How would you solve $3^x = 2x + 3$ using the Lambert $W$ function

Question

Could someone provide a solution to the equation $$ 3^x = 2x+3. $$

Our teacher told us to solve it graphically, but I was curious what the exact answers might be and just plugged it into Wolfram Alpha and saw that the two solutions came from the principle and the $-1$ branch of the Lambert $W$ function.

I am familiar with the "function" and how it is the inverse "function" of the function $xe^x$, but whatever transformations I tried I just couldn't obtain the wolfram alpha solution.

Any help, hints or even a solution is greatly appreciated.

Answer 1

\begin{align*} 3^x&=2x+3\\ e^{\log (3) x}&=2(x+\frac{3}{2})\\ -\frac{\log (3)}{2}&=-\log (3)(x+\frac{3}{2})e^{-\log (3) x}\\ -\frac{\log (3)}{2}e^{-\frac{3}{2}\log(3)}&=-\log (3)(x+\frac{3}{2})e^{-\log (3) (x+\frac{3}{2})}\\ \end{align*} Now the RHS is in the form $ye^y$. So \begin{align*} -\log (3) (x+\frac{3}{2})&=W\left(-\frac{\log (3)}{2}e^{-\frac{3}{2}\log(3)}\right)\\ x+\frac{3}{2}&=-\frac{1}{\log(3)}W\left(-\frac{\log (3)}{2}e^{-\frac{3}{2}\log(3)}\right)\\ x&=-\frac{1}{\log(3)}W\left(-\frac{\log (3)}{2}e^{-\frac{3}{2}\log(3)}\right)-\frac{3}{2} \end{align*}

Answer 2

Since @Joshua Tilley gave the detailed steps, consider the more general case of $$a^x=bx+c$$The solution is $$x=-\frac c b-\frac {W(t)}{\log(a)}\quad \text{where} \quad t=-\frac{\log (a)}{b}\,a^{\frac{b}{c}}$$

In the real domain, we must have $t \ge -\frac 1e$.
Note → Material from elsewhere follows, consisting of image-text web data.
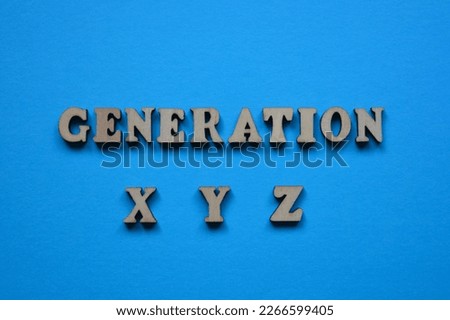 Generation X Y Z, word in wooden alphabet letters isolated on blue background as banner headline Royalty-Free Stock Photo #2266599405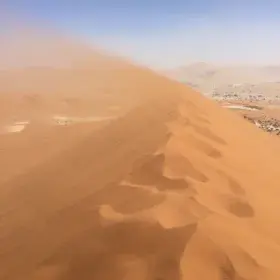 Flying sand in Namib Desert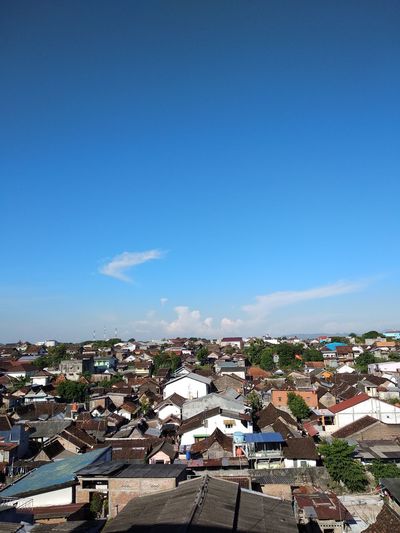 High angle shot of townscape against blue sky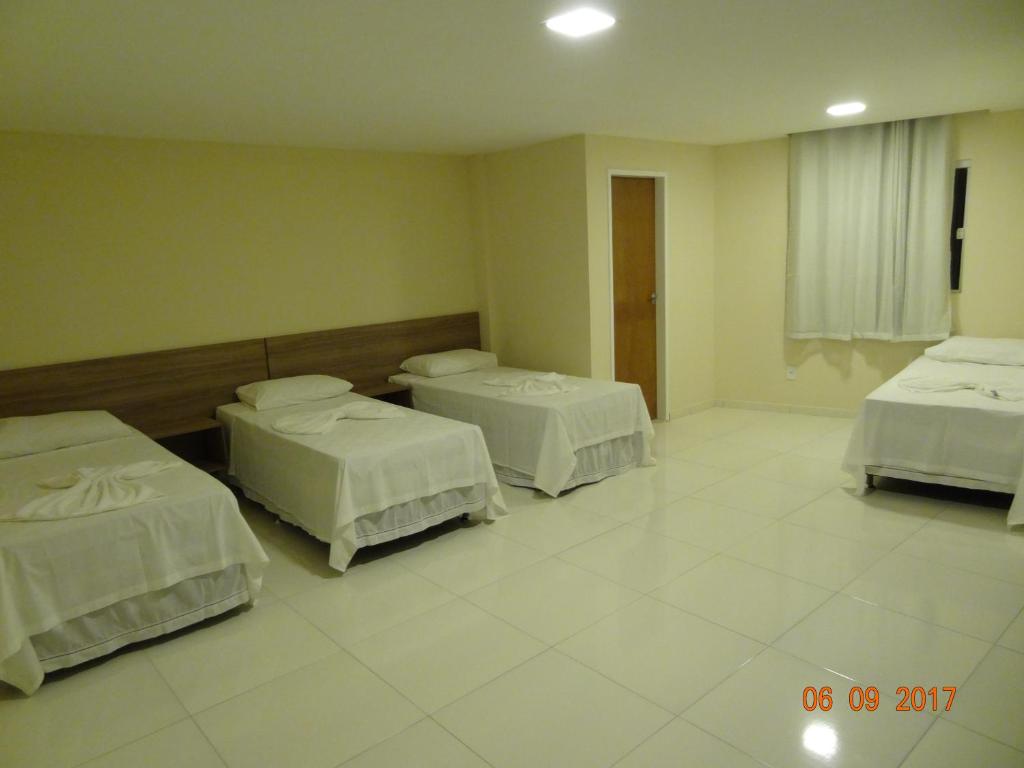 Postel nebo postele na pokoji v ubytování Ilha Bela Hotel
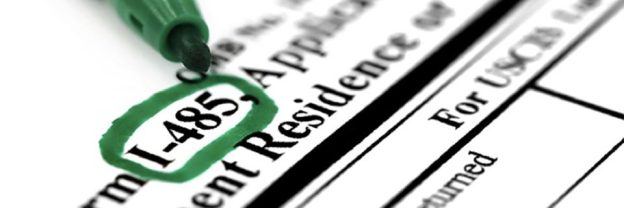 A close-up of Form I-485, Application to Register Permanent Residence or Adjust Status.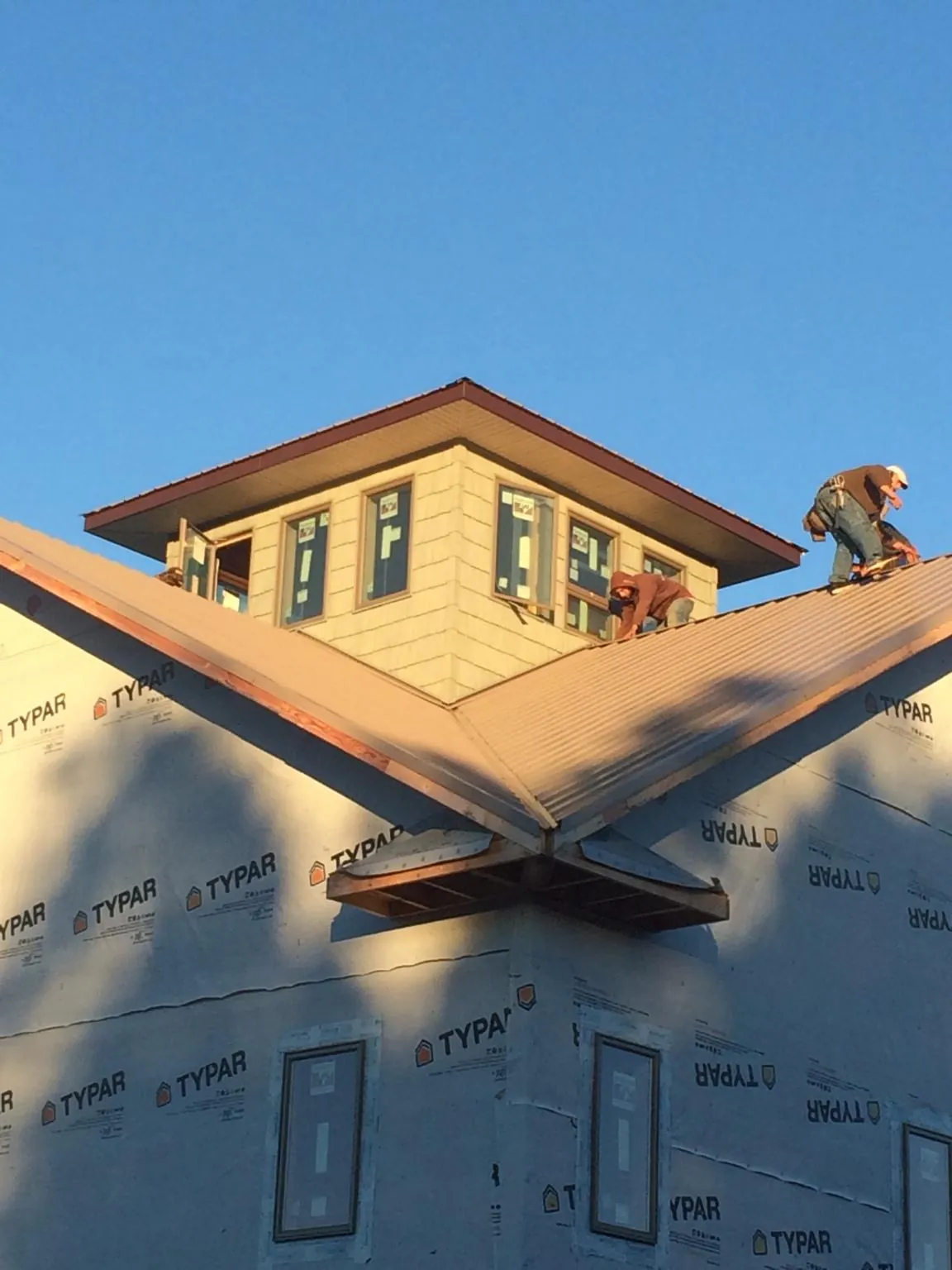 Roofers working around a rooftop cupola on a new metal roof at sunset — Roof Waterproofing in Olivebridge by Roofing Brothers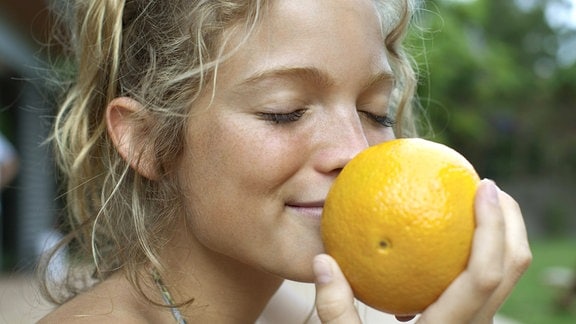 Eine junge Frau riecht an einer Orange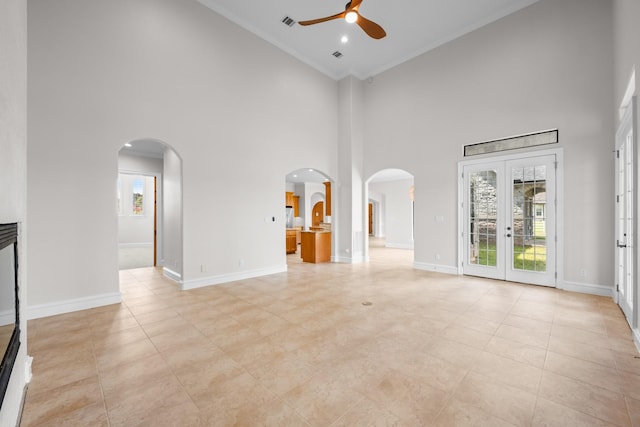 504 High Meadow Ranch Dr, Magnolia, TX 77355 - unfurnished living room featuring ceiling fan, high vaulted ceiling, arched walkways, crown molding, and french doors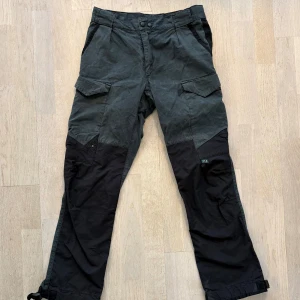 Klättermusen byxor Gleipner Svarta - Grymma svarta vandrar byxor från Klättermusen, modell Gleipner. Byxorna har flera stora fickor med lock, förstärkta partier på knäna och justerbara benslut. Perfekta för outdoor och äventyr. Materialet är slitstarkt och känns robust. Snyggt slitna. Inga defekter.  Nypris 3000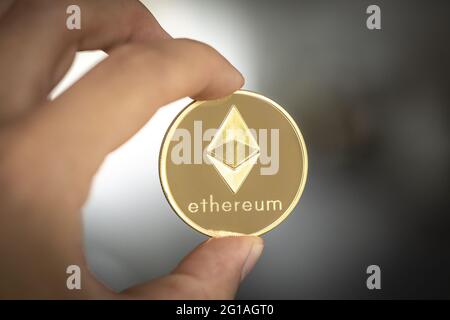 Ethereum cryptocurrency, physical coin held between two fingers. Stock Photo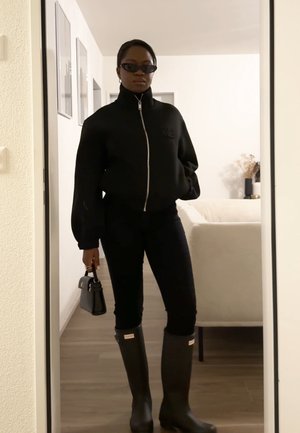 Mujer con chaqueta negra con cremallera, pantalones negros, botas negras altas, gafas de sol y sosteniendo un pequeño bolso negro, de pie en el interior.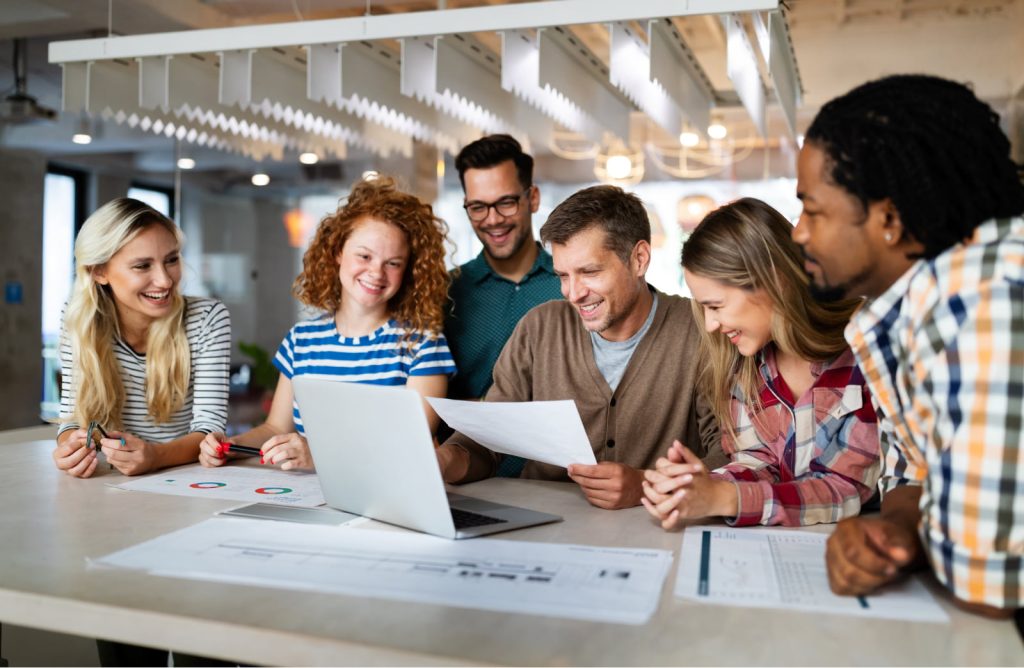 Group of young multicultural business professionals and software developers working as a team, gathered in an office.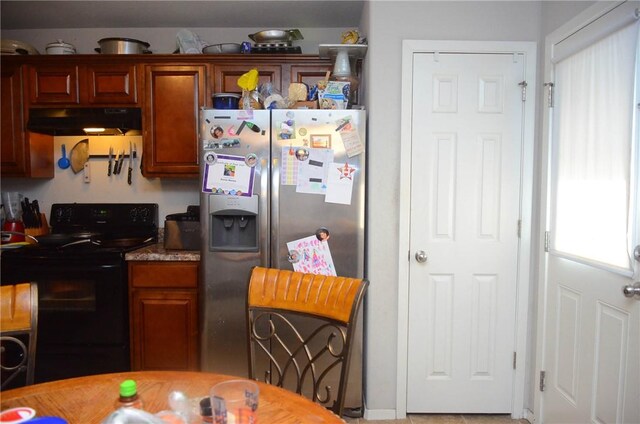 kitchen with black / electric stove and stainless steel fridge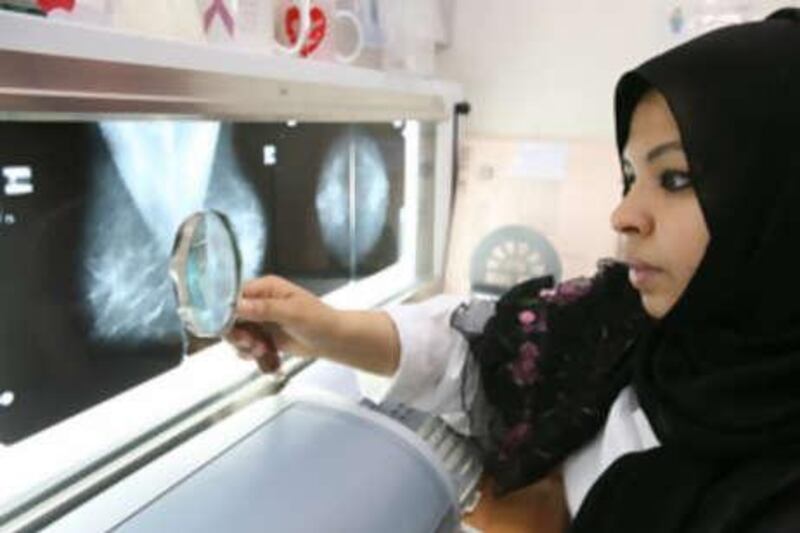 Dr Jalaa Taher examines x-rays at the National Health Screening Program for Women and Children.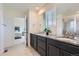 Main bathroom includes double sinks, granite countertops, and a glass-enclosed shower at 9466 Quintero St, Commerce City, CO 80022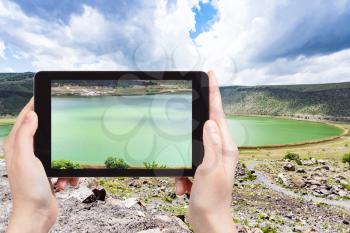 travel concept - tourist photographs of Narligol Crater Lake (Lake Nar) in Geothermal Field in Aksaray Province of Cappadocia on smartphone in Turkey in spring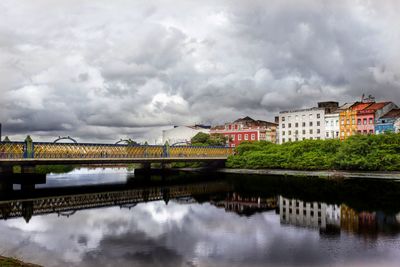 River in town against cloudy sky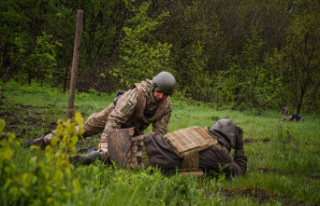 International Ukrainian soldiers dig trenches under...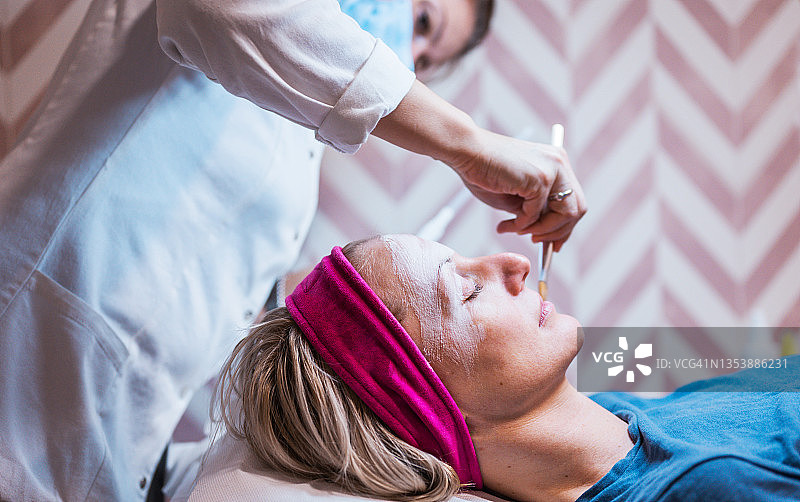 在水疗床上闭着眼睛接受面部泡沫按摩以去除死皮的女人图片素材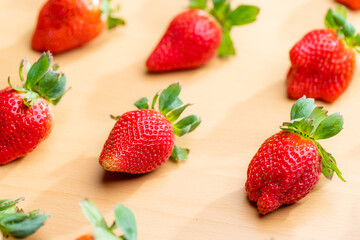 Fototapeta na wymiar Fresh ripe strawberry on the wooden board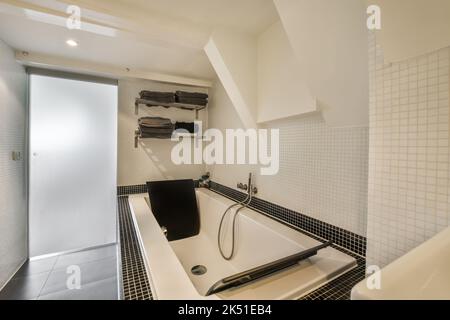 Vasca da bagno in ceramica bianca e WC in bagno illuminato con pareti piastrellate lucide e pavimento in ceramica Foto Stock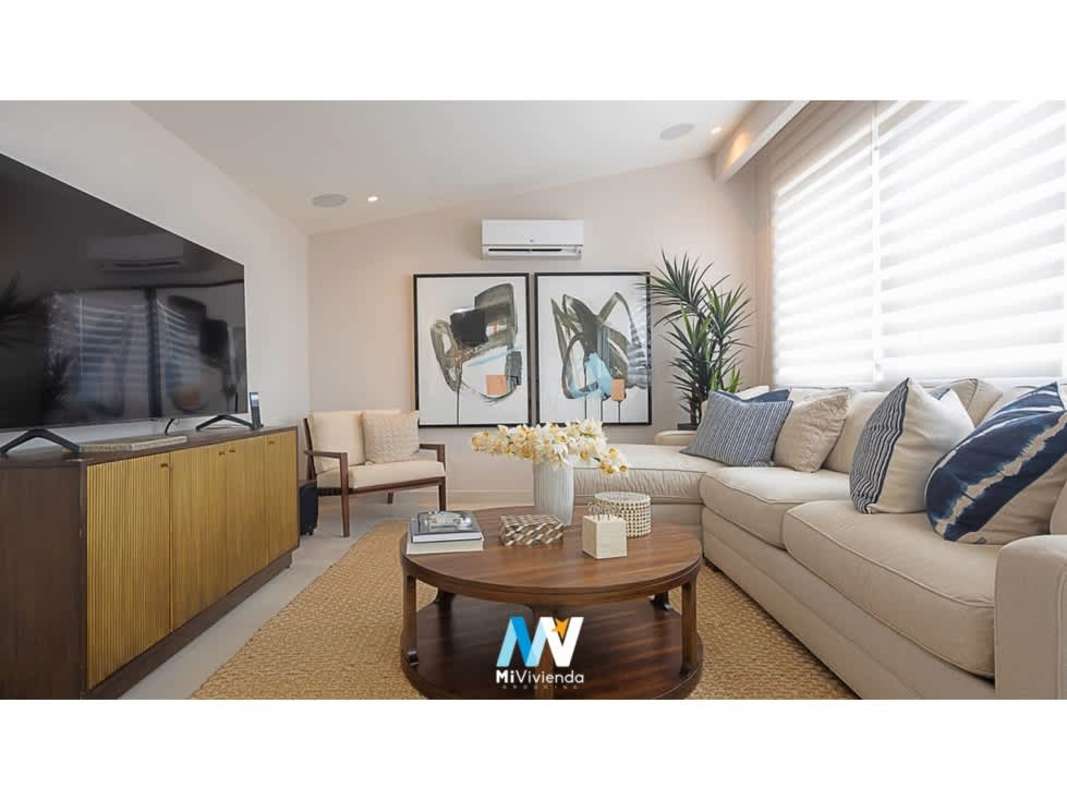 Modern living room with beige sofas, large windows at The Woods inside Santa Maria Panama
You can also consider that you look for the zero of function $$f(x)=a^x-bx-c$$ The first derivative cancels at $$x_*=\frac{\log \left(\frac{b}{\log (a)}\right)}{\log (a)}$$ So, if $$f(x_*)=\frac{b-b \log \left(\frac{b}{\log (a)}\right)-c \log (a)}{\log (a)}$$ is negative, there are two solutions on the left and right sides of $x_*$.

You can have a rough idea of where are the solution using Taylor series $$f(x)=f(x_*)+\frac 12 f''(x_*)\,(x-x_*)^2+ O((x-x_*)^3)$$

For your specific case, this would give $x_1=-0.892$ and $x_2=1.983$ while the solutions are $-1.392$ and $1.686$.